Global events important than 25 bps repo cut: UBS India

Investors are betting that the Reserve of India will pump in liquidity to fix the tight liquidity situation to some extent. Indian market, too, is holding firm as hopes are building for a rate cut in the monetary policy review on June 18.

Investors are betting that the Reserve of India will pump in liquidity to fix the tight liquidity situation to some extent. Indian market, too, is holding firm as hopes are building for a rate cut in the monetary policy review on June 18.

However, Gautam Chhaochharia, head of mid-cap research UBS India does not think RBI's monetary easing alone can change economic situation. He believes that more than a rate cute the key is whether the RBI is in a position or looking at cutting rates through the year to a lower interest rate structure.
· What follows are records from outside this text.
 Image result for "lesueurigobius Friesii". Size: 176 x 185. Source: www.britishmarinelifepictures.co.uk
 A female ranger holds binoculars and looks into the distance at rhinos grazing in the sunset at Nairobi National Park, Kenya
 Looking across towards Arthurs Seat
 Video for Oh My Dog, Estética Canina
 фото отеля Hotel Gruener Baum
"So it’s still at best a signaling tool that RBI is supportive of growth rather than anything more than that,” he said in an interview to CNBC-TV18.

Chhaochharia is expecting a 50 bps CRR cut and no repo rate cut.
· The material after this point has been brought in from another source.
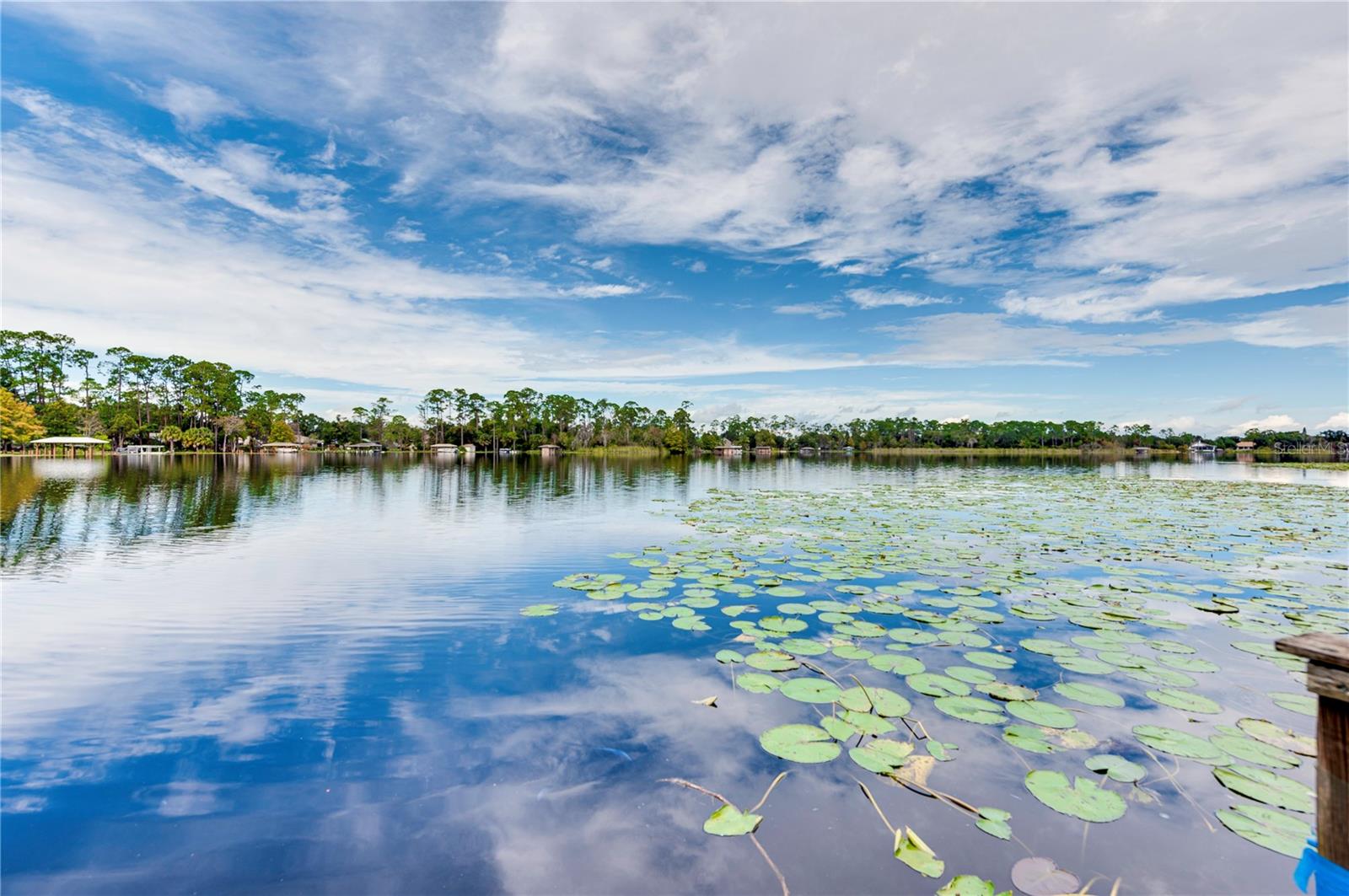 4029 TAMARISK WAY, ORLANDO, FL, 32817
As an investment strategy, he advises clients to be defensive for couple of quarters. Chhaochharia is positive that the market is attractive for investors with a two-year perspective.
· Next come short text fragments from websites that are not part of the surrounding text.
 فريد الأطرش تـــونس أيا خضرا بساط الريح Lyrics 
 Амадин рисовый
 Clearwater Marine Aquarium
Also read: Premature easing by RBI may aggravate problems, says Chetan Ahya

Below is the edited transcript of his interview with CNBC-TV18's Udayan Mukherjee and Mitali Mukherjee. Also watch the accompanying video.

Q: What are your expectations from the RBI?

A: Our official stance is still a 50 bps CRR cut and no repo rate cut.  But there are some enablers in play for the RBI to be more proactive in terms of crude, inflation, and IIP. So, RBI could surprise, but our official expectation is still a 50 bps CRR cut.

Q: If it plays out that way i.e. there is no direct rate action from the Reserve Bank, do you expect to see a big turnaround in the market because that’s what the market seems primed for some kind of rate action?

A: Yes, it could be a bit of a disappointment for the market in the short-term because there is a broad based expectation of a 25 bps cut in repo rate. So, if there is no repo rate cut then there definitely could be a marginal short-term disappointment.

Q: How important do you think the global events spitted around that policy meet will be, both what the Fed has to say, what happens in Greece? Is it going to be a make or break for Indian markets as well?

A: Yes, they will be much more relevant in our view because the risk appetite globally will drive the capital flows. Both markets and economy right now are heavily dependent on capital inflows. So, they are much more relevant right now.

Twenty five bps rate cut here and there really doesn’t change the needle in terms of fundamentals for the economy in the near-term. What is the key from a monetary policy point of view is whether the RBI is looking at cutting rates through the year to a more lower interest rate structure in generally. That doesn’t look like the case right now. So, it’s still at best a signalling tool that RBI is supportive of growth rather than anything more than that. So, global macro events will be the bigger driver for markets.

Q: You recently had a midcap conference in which you showcased some fertiliser companies as well. Would you back them because there has not been too much action from the government on that front for the last many months?

A: Yes, we will back them. Coromandel has been impacted over last couple of quarters because of the weak monsoons in South India impacting volumes in the December and March quarter. There are some concerns about inventory in the system, but even that should be handled in the June quarter.

Going forward, these companies look very well placed in terms of growth coming back because of expected normal monsoons. Margins, anyway, have been quite stable for these companies. That has been missed by the markets. The stocks are quite attractively valued. So, definitely we are positive in backing these guys.